For most small businesses, this is the “normal” kind of share transfer. For example:
- one shareholder sells shares to another existing shareholder
- a shareholder sells shares to a new investor
- shares are transferred to a family trust or holding company as part of a restructure (for example, for succession or asset protection planning)
- shares are transferred as part of an exit arrangement for a departing founder
In New Zealand, off-market share transfers are usually governed by a mix of:
- your company’s internal rules (often in a Company Constitution)
- any agreements between owners (often a Shareholders Agreement)
- company law requirements under the Companies Act 1993 (especially around director duties, company records, solvency, and share registers)
- the commercial deal you’ve struck (price, settlement date, conditions, warranties, restraints, etc.)
The key point: even though it’s “private”, it still needs to be done properly.
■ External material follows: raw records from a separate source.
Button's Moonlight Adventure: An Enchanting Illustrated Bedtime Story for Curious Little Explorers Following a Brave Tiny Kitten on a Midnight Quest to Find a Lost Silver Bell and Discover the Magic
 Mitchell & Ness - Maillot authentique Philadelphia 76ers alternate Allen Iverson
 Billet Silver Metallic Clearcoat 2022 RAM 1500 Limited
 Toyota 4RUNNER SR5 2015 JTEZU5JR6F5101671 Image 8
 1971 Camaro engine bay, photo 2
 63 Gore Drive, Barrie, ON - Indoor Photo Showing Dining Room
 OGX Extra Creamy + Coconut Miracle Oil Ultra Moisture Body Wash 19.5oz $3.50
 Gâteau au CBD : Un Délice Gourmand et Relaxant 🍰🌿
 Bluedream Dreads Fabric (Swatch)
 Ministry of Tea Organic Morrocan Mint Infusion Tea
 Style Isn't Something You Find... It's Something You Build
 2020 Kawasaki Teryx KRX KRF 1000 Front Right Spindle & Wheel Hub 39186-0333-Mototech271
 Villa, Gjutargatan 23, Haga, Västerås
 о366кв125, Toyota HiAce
If you cut corners, you can end up with disputes about who owns what, or a transfer that doesn’t align with your company’s rules.
When Do Small Businesses Use Off-Market Share Transfers?
Off-market share transfers in New Zealand come up more often than people expect - not just during a big sale, but also in everyday business growth and succession planning.
1. Bringing In A New Co-Founder Or Investor
Let’s say you’ve built a business and now want to bring in someone who can help scale it (or fund it). You might:
- issue new shares (diluting existing shareholders), or
- transfer existing shares from one shareholder to the incoming person/entity
A transfer can be simpler in some cases, but it also means one shareholder is exiting or reducing their holding - so you’ll want to document the commercial deal properly.
2. A Founder Exit Or Relationship Breakdown
Sometimes one founder wants to move on, or there’s a disagreement and you need a clean separation. A share transfer is often part of the solution - but it’s also where emotions can run high.
This is where having clear rules around valuation, leavers, and transfer mechanics (often in a shareholders agreement) can save you a lot of time and stress.
3. Internal Restructures (Trusts, Holding Companies, Family Ownership)
Many owner-operators eventually restructure ownership for asset protection, succession, or broader planning reasons - for example, transferring shares to a trust or holding company.
Even where the “real” control doesn’t change much, the paperwork and approvals still matter, because your company’s share register must reflect the legal owner.
Note: restructures can have tax and accounting implications. This article is general information only and isn’t tax advice - it’s worth speaking with your accountant or tax adviser about your specific situation.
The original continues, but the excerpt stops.